Listed entries Block Start

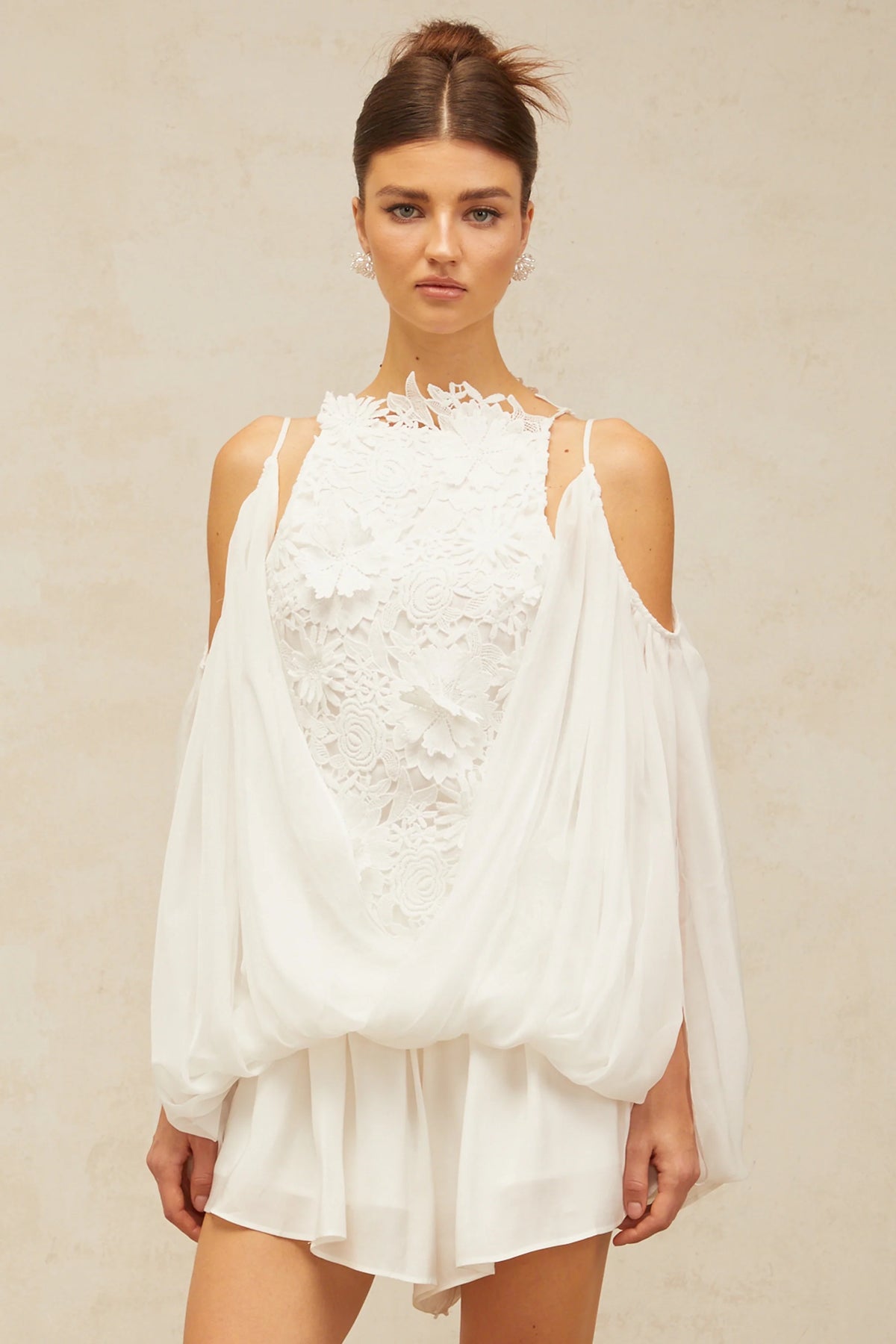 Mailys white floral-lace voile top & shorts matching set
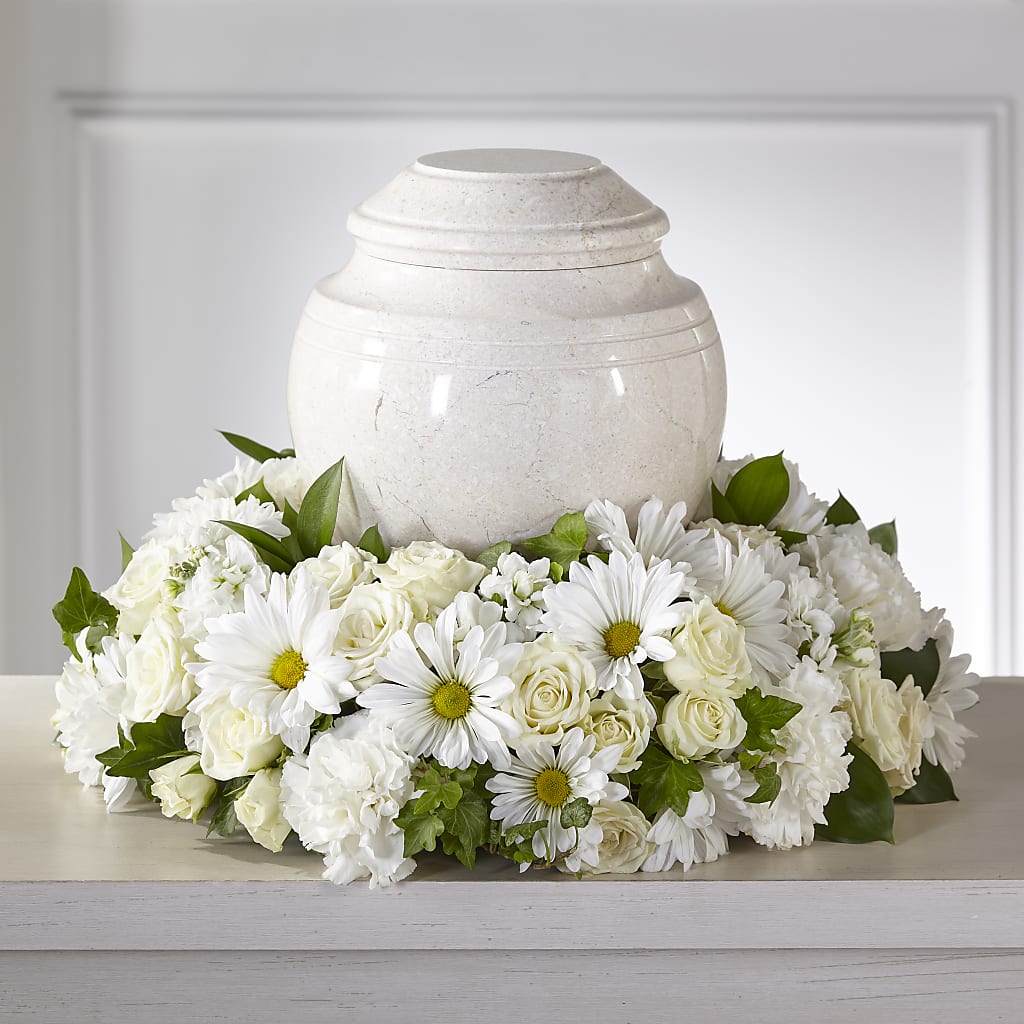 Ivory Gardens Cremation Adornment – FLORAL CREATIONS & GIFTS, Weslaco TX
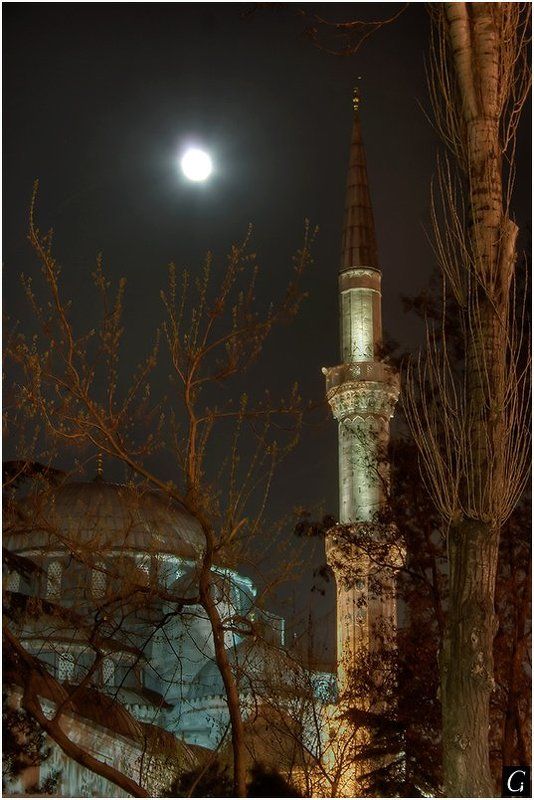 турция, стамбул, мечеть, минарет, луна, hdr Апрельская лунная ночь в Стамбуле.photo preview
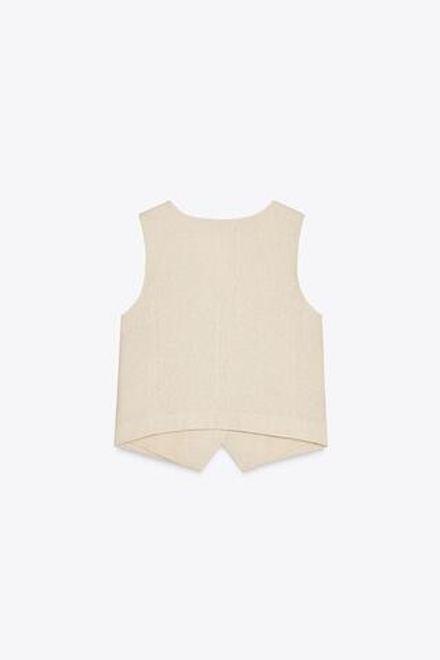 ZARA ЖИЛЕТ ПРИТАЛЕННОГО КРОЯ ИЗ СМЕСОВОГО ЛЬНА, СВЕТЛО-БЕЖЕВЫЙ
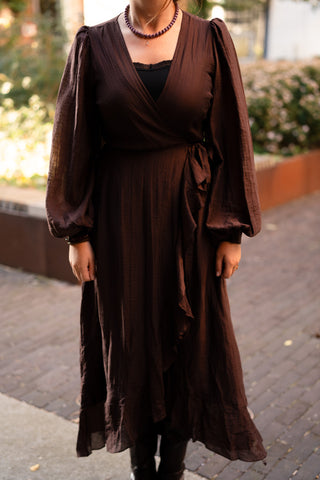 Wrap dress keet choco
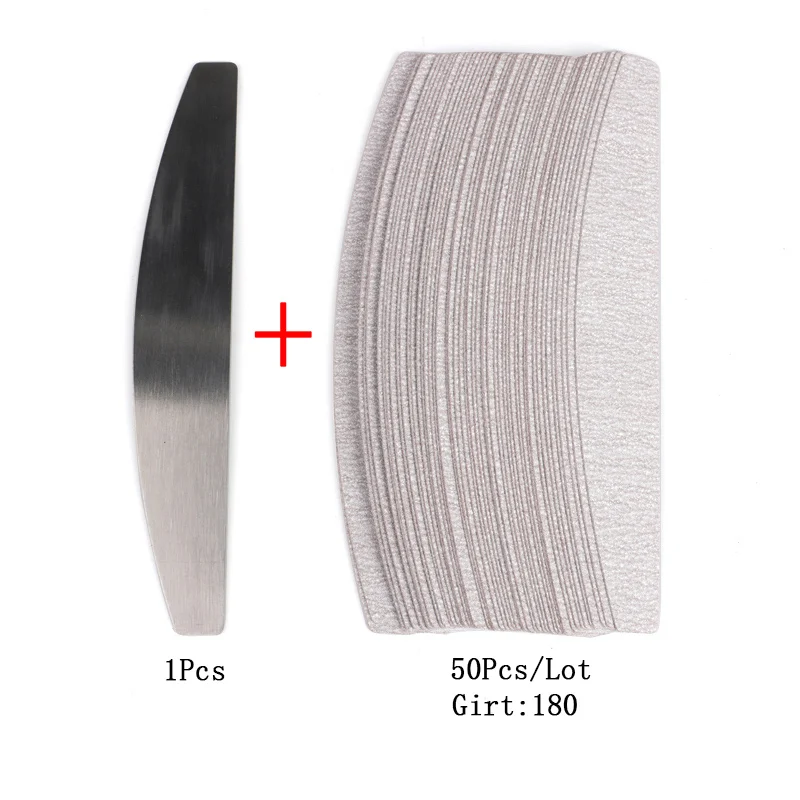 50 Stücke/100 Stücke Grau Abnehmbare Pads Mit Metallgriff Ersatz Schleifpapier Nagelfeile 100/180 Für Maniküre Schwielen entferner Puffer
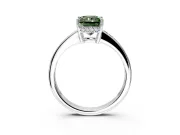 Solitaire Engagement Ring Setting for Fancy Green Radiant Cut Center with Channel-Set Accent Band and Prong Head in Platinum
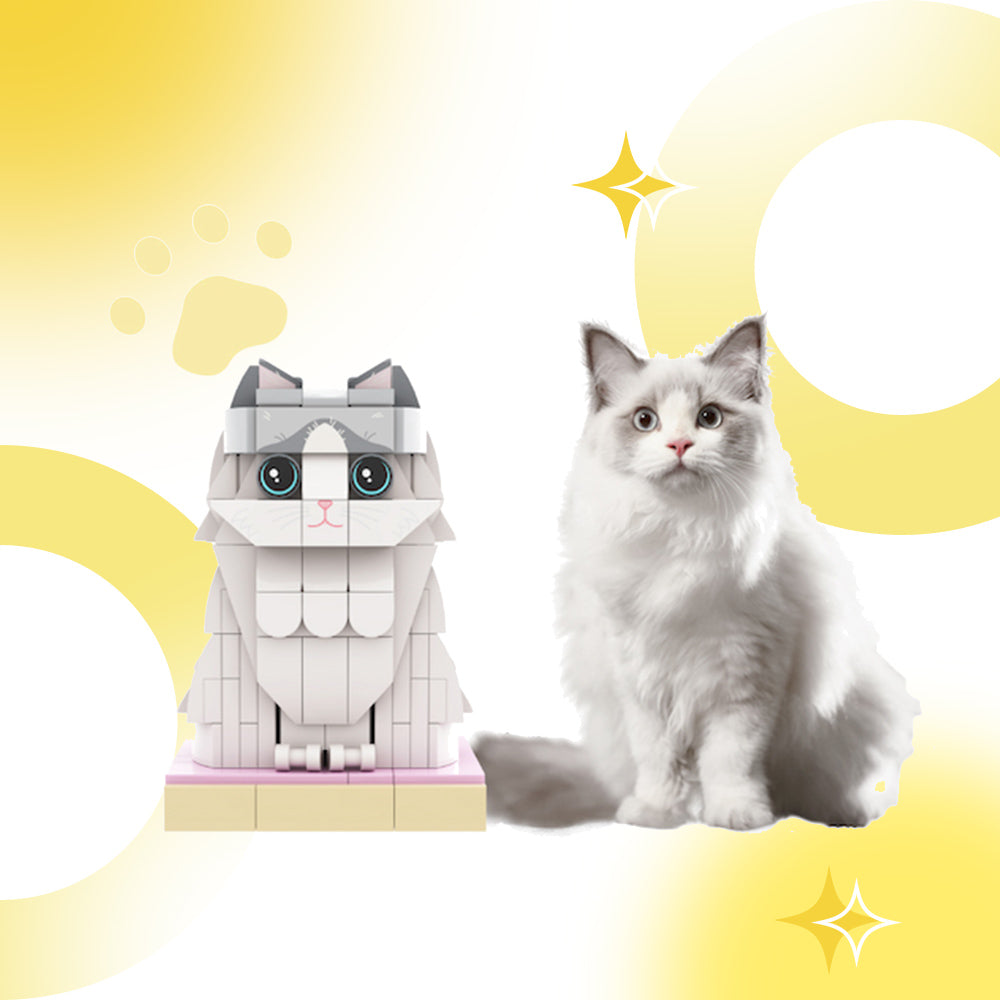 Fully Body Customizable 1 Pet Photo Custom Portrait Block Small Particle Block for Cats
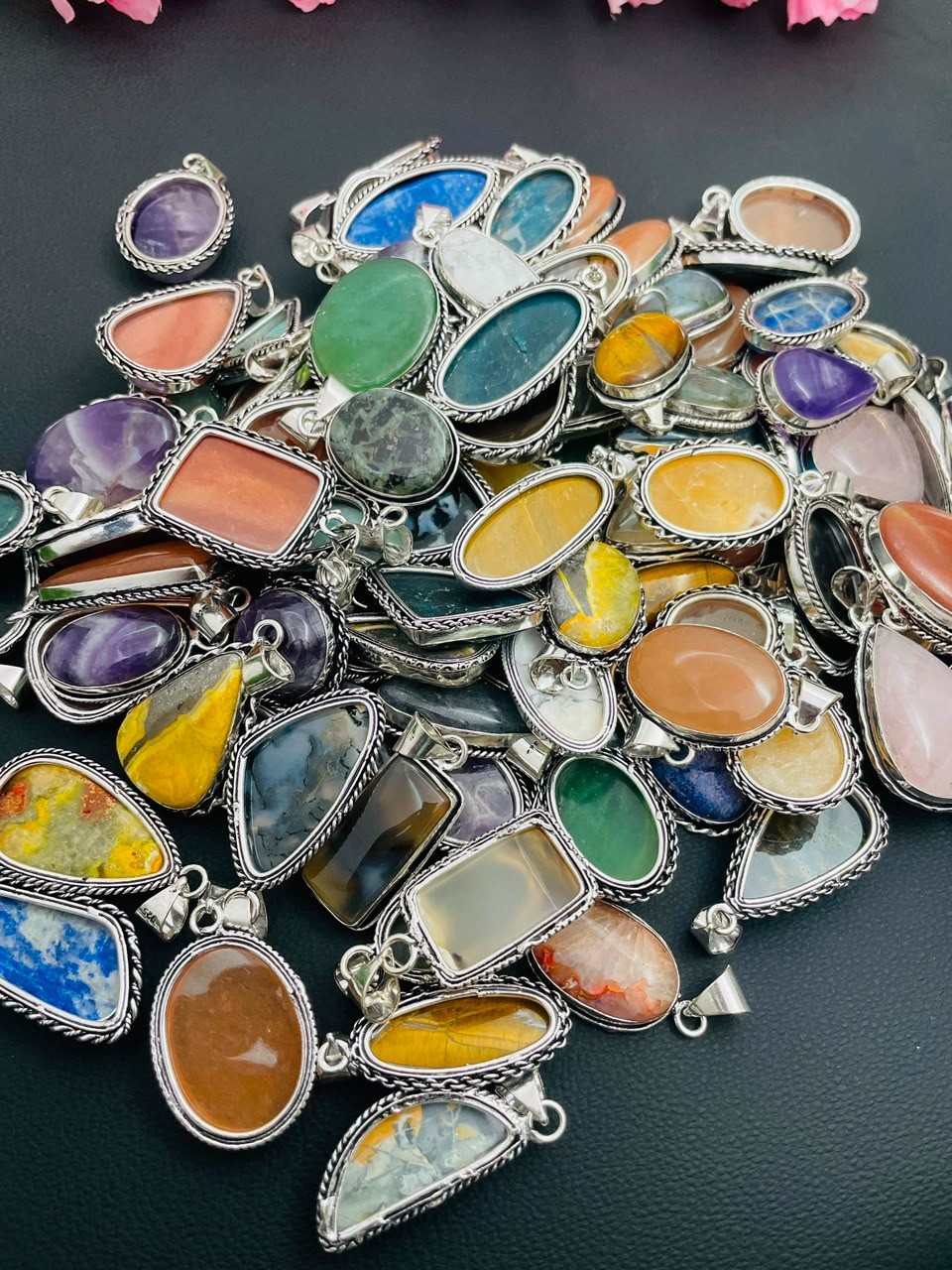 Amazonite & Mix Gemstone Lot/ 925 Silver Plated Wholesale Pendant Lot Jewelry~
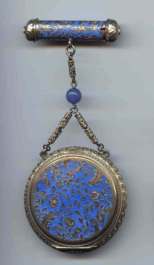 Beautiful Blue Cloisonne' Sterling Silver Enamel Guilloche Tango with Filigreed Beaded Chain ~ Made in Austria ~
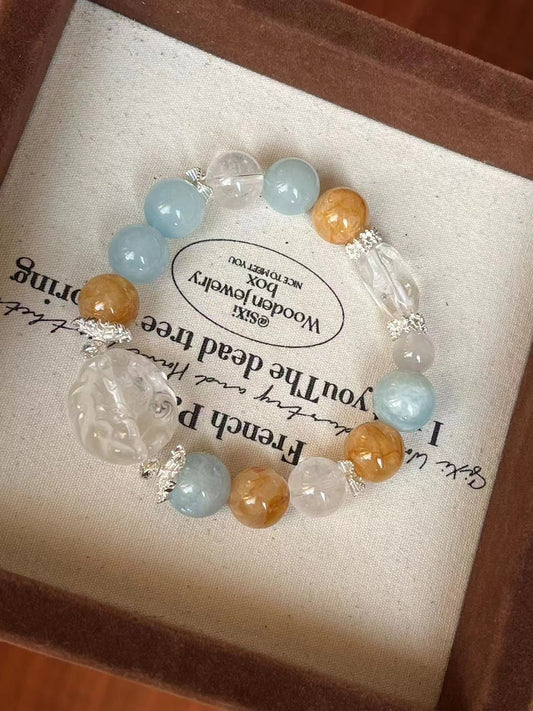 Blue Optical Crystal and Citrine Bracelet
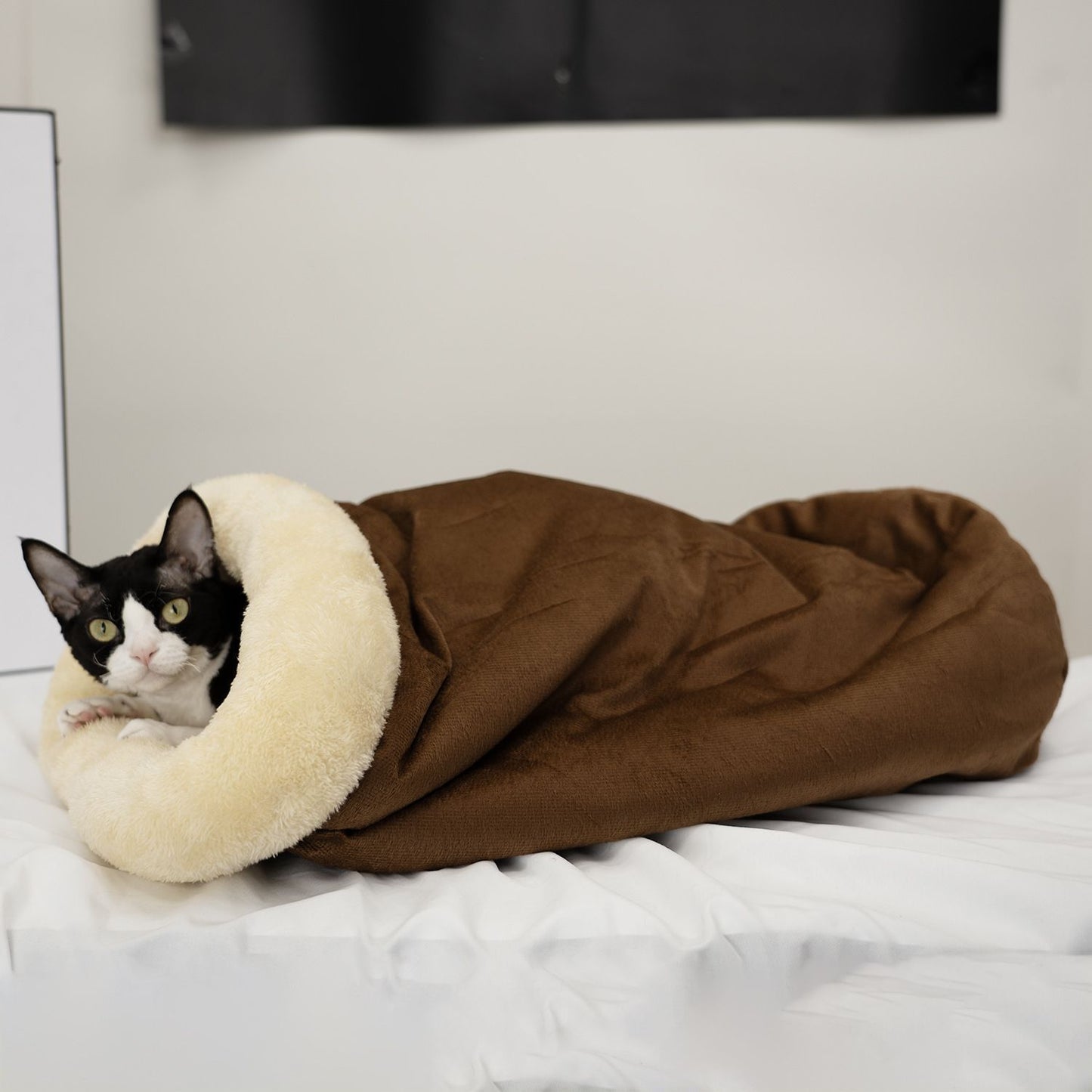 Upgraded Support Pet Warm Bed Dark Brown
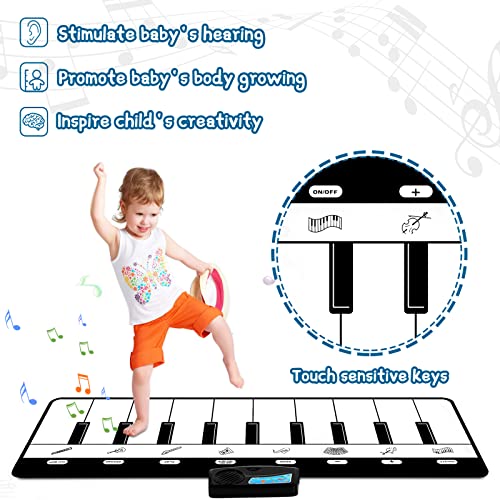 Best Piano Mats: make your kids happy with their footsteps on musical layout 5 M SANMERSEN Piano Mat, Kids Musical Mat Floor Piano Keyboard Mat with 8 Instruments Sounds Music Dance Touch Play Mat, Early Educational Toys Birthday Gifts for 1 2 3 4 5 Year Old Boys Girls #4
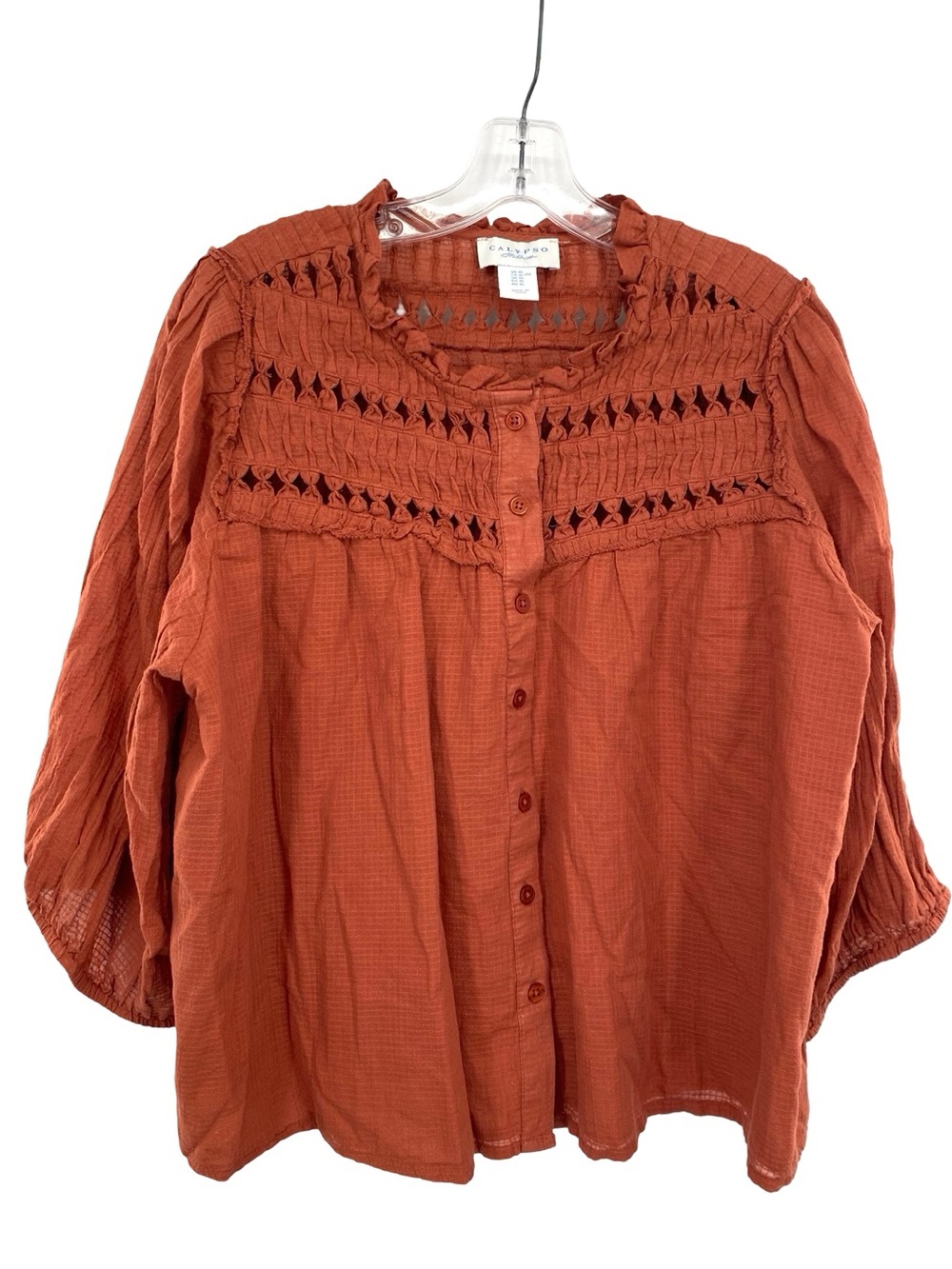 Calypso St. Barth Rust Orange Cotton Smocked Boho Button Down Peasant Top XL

Listed entries Block End

_Assignment_
Pictures are to be dropped, and the lines from the line with "Wrap dress keet choco" through the end of the material above are to be reproduced exactly.

_Task output_
 Wrap dress keet choco
 50 Stücke/100 Stücke Grau Abnehmbare Pads Mit Metallgriff Ersatz Schleifpapier Nagelfeile 100/180 Für Maniküre Schwielen entferner Puffer
 Solitaire Engagement Ring Setting for Fancy Green Radiant Cut Center with Channel-Set Accent Band and Prong Head in Platinum
 Fully Body Customizable 1 Pet Photo Custom Portrait Block Small Particle Block for Cats
 Amazonite & Mix Gemstone Lot/ 925 Silver Plated Wholesale Pendant Lot Jewelry~
 Beautiful Blue Cloisonne' Sterling Silver Enamel Guilloche Tango with Filigreed Beaded Chain ~ Made in Austria ~
 Blue Optical Crystal and Citrine Bracelet
 Upgraded Support Pet Warm Bed Dark Brown
 Best Piano Mats: make your kids happy with their footsteps on musical layout 5 M SANMERSEN Piano Mat, Kids Musical Mat Floor Piano Keyboard Mat with 8 Instruments Sounds Music Dance Touch Play Mat, Early Educational Toys Birthday Gifts for 1 2 3 4 5 Year Old Boys Girls #4
 Calypso St. Barth Rust Orange Cotton Smocked Boho Button Down Peasant Top XL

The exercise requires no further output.